JERNIH– Salah satu ciri khas Luhut Binsar Panjahitan (LBP) adalah kemampuannya berbicara dengan penuh percaya diri. Tidak jarang kemampuan itu membuat lawan bicaranya merasa ciut. Tidak berani membantah.

Belum lama ini, persisnya 30 Oktober 2025, LBP berbicara soal kereta api cepat Whoosh. Informasi itu disampaikannya lewat akun Instagram pribadinya: Whoosh kini sudah mampu menutup biaya operasionalnya sendiri dan melayani lebih dari 12 juta penumpang sejak beroperasi pada Oktober 2023 sampai Februari 2025.

Kontan saja informasi ini dikutip oleh berbagai media. Tidak berhenti sampai di situ. Informasi ikutannya juga dikutip media, yakni:  Whoosh menjadi bukti bahwa keberanian mengambil keputusan strategis adalah awal menuju kemandirian bangsa.

Bagaimana respons masyarakat? Masyarakat jadi bingung mengingat selama ini mereka memperoleh informasi yang berbeda. Kompas.com, 22 Oktober 2025, menyebut: Kereta Cepat Jakarta–Bandung atau Whoosh dikabarkan masih mencatatkan kerugian operasional akibat rendahnya jumlah penumpang. CNN Indonesia, 30 Oktober 2025, menyampaikan analisisnya: Whoosh mencatat kerugian Rp 1 triliun pada semester I 2025.

Betapa tidak, mereka memperoleh informasi yang berbeda dalam sepuluh hari terakhir. Mereka galau. Wajar bila munucul pertanyaan, mana yang benar? Dari sisi jurnalisme, tentu saja yang benar adalah yang disiarkan media. Soalnya media memproses fakta menggunakan logika jurnalisme. Ada cek dan ricek. Ada nilai berita. Ada pula  visi dan misi media.

Sedangkan informasi yang diperoleh dari Instagram hanya informasi sepihak. Dari penulisnya. Sudah di-framing. Sesuai dengan keinginan penulisnya. Sudah dibayangkan akan menguntungkan satu pihak dan merugikan masyarakat.

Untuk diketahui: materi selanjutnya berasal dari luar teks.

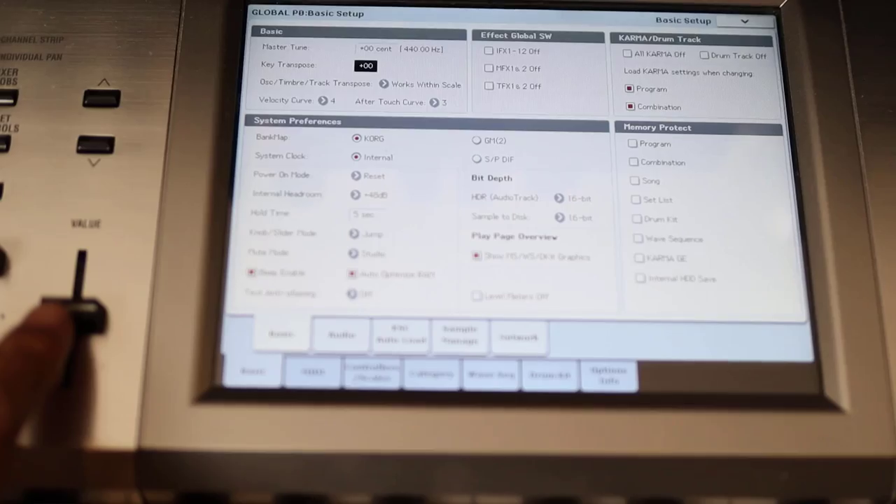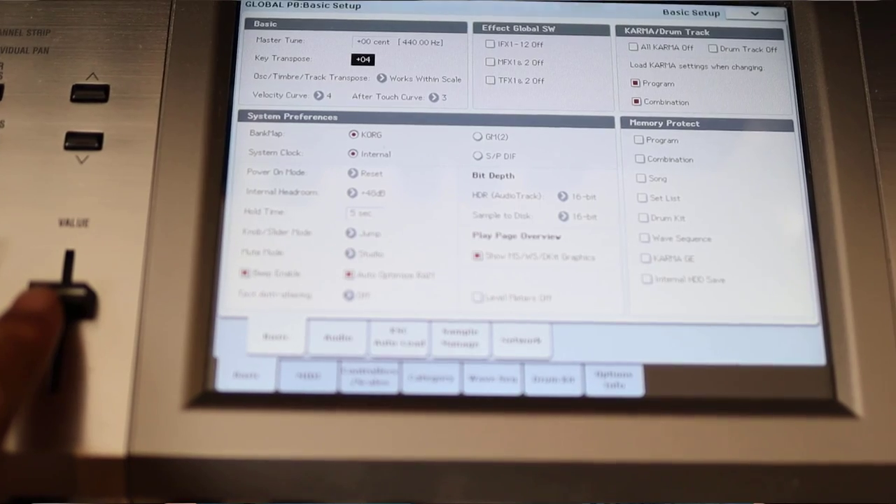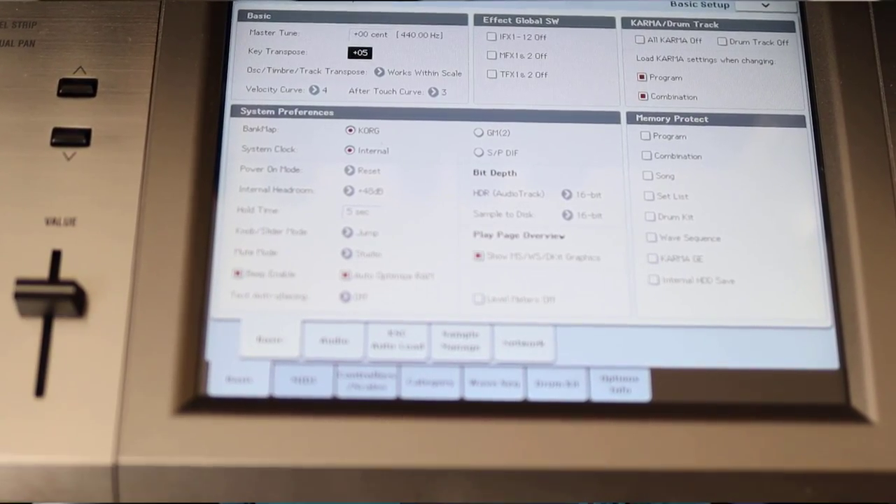So you're still going to that utility or global screen on your keyboard and pressing that transpose button to plus two or negative three or whatever. Does that make you not a real musician? Let's talk about it.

Dari sisi pemerintahan, klaim LBP di atas menunjukkan keangkuhan pejabat. LBP menerapkan manajemen komando dan kontrol (command and control). Lewat klaim itu LBP memberi komando, operasionalisasi Whoosh baik-baik saja. Tidak perlu dikhawatirkan. LBP juga ingin mengontrol informasi tentang Whoosh. Hanya yang baik-baik saja yang boleh diketahui masyarakat.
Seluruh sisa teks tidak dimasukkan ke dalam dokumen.